The pound weakened against the dollar and euro, falling below €1.12 once again as Brexit fears continue to weigh on the currency. As mentioned above, Theresa May is refusing to delay the vote, when it looks almost certain her plans will be defeated. It is rather a bizarre situation – delaying the vote would be seen by some as a sign of weakness, but on the other hand, if the vote goes ahead and her plans are crushed, then that arguably shows greater weakness. The prime minister has been stuck between a rock and a hard place for some time, but the next couple of days could be even worse for her. We shall see.

Speaking of Brexit, The Times published a flowchart of potential outcomes if MPs reject Theresa May’s deal. It might be behind a paywall, so forgive us if that proves to be the case, but if not, it’s a handy tool to have a play around with. If nothing else, it helps demonstrate just how complex the situation is at present. Tomorrow’s meaningful vote result will be fascinating to watch.

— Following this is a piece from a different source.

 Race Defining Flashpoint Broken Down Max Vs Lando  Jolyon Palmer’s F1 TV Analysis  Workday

We have put together some Brexit Scenario Analysis which is not quite as complex as The Times’ flowchart, but it does show what could happen to sterling within each scenario. Do have a read.

GBP: UK house price slows to a six-year low

The Halifax house price index for November was released on Friday morning and both the monthly and annual readings came in well below expectations. Month-over-month, prices grew by 0.3% from 1.5% the month before, against an expectation of 1%, while the year-on-year figures slumped to -1.4% against an expectation of 0.5%. It is the lowest annual increase in house prices since December 2012.

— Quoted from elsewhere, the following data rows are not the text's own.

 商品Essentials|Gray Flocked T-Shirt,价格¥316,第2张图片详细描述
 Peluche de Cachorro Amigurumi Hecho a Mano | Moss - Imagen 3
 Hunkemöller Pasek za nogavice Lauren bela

Sterling has a bit of a rough day against the dollar and euro, as Brexit uncertainty continues. However, one can’t help thinking that the moves have been fairly muted compared what they will be once we see the result of the meaningful vote. Of course, if the bill is narrowly defeated, then it opens it up to some tweaks and the pound’s movements would likely be slight on the upside. Anything else could see something far more dramatic, though in which direction cannot be known right now.

It’s a busy start to the week for UK economic data, with October’s balance of trade figures set for release this morning. We will also see the GDP reading for October, as well as construction output. Finally, we will see the industrial and manufacturing production readings for October which are both expected to dip from the previous reading. However, most of the attention will no doubt be taken up by Brexit, with now only one day to go until the meaningful vote.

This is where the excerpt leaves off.